The Department of Justice (DOJ) directed the Southern District of New York to drop charges against Democratic New York Mayor Eric Adams on Monday, a decision that can help President Donald Trump in his mass deportations operation, according to multiple reports.
Acting Deputy Attorney General Emil Bove called on the U.S. Attorney to dismiss all charges, a DOJ official told NBC News. They are to be dismissed without prejudice and a new U.S. Attorney will review, according to the official. A new attorney has not yet been confirmed.
A motion must be put before a judge by the attorney’s office and be approved, according to the outlet. Prosecutors serving with the Southern District of New York may refused to abide by the DOJ’s decision.
Adams was indicted in September on five federal charges connected to illegal contributions to his 2021 campaign. Trump’s DOJ wants the charges dropped in part because they have “unduly restricted” Adams’ ability to deal with the migration crisis, according to multiple reports. Adams cannot have an active security clearance during the investigation, which the DOJ says makes it extraordinarily difficult for him to coordinate with immigration officials on deportation proceedings, the reports state. (RELATED: Dem Mayor Facing Biden DOJ Indictment Says He’s ‘Looking Forward’ To ‘Partnering’ With Trump Admin)
The pending prosecution has restricted Adams’ ability to “devote full attention and resources to the illegal immigration and violent crime that has escalated under the policies of the prior Administration,” Bove wrote in a letter obtained by The Associated Press.
Bove also wrote that the decision was not meant to call into question the attorneys who brought the case against Adams but that the timing of the charges alongside “more recent actions” by Damian Williams, the attorney who once led the New York office, has “threatened the integrity of the proceedings, including by increasing prejudicial pretrial publicity that risks impacting potential witnesses and the jury pool,” the letter says, according to the AP.

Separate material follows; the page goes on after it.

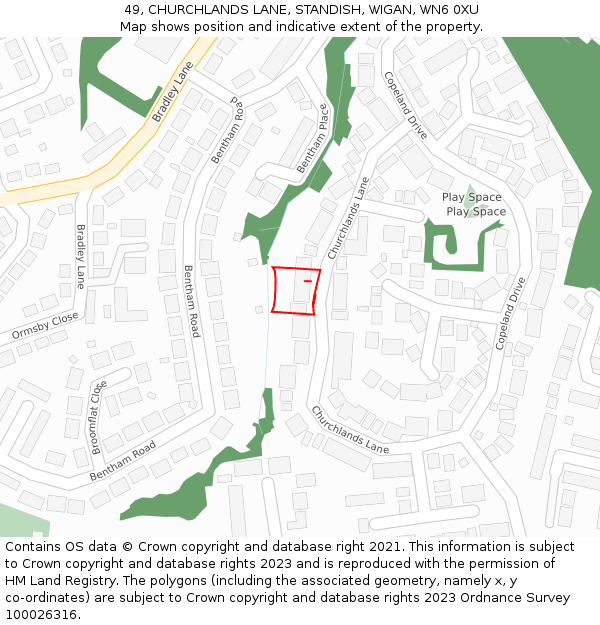 49, CHURCHLANDS LANE, STANDISH, WIGAN, WN6 0XU: Location map and indicative extent of plot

DOJ lawyers met with Adams’ defense lawyers as well as the federal prosecutors bringing the charges against him to discuss the possibility that the case could be dropped, the New York Times reported Jan. 31. Senior DOJ officials had previously been in talks ahead of the meeting with federal prosecutors about dropping the case they had against Adams, the NYT reported on Jan. 29.
Mayor Eric Adams departs from NYPD Commissioner Jessica Tisch’s “State of the NYPD” Address at Cipriani 42nd Street on January 30, 2025 in New York City. The Justice Department is reportedly in talks to drop its corruption case against Mayor Adams. Adams is schedule to stand trial on federal corruption charges on April 21, 2025. (Photo by Michael M. Santiago/Getty Images)
Adams is pleading not guilty to the charges brought against him. The September indictment alleges that Adams “sought and accepted improper valuable benefits, such as luxury international travel, including from wealthy foreign businesspeople and at least one Turkish government official seeking to gain influence over him” for almost ten years.
Adams was charged with one count of wire fraud, two counts of solicitation of a contribution by a foreign national, one count of bribery and another count of “conspiracy to commit wire fraud, federal program bribery, and to receive campaign contributions by foreign nationals,” according to the 57-page indictment.
“As ADAMS’s prominence and power grew, his foreign-national benefactors sought to cash in on their corrupt relationships with him, particularly when, in 2021, it became clear that ADAMS would become New York City’s mayor,” the indictment claims. “ADAMS agreed, providing favorable treatment in exchange for the illicit benefits he received.”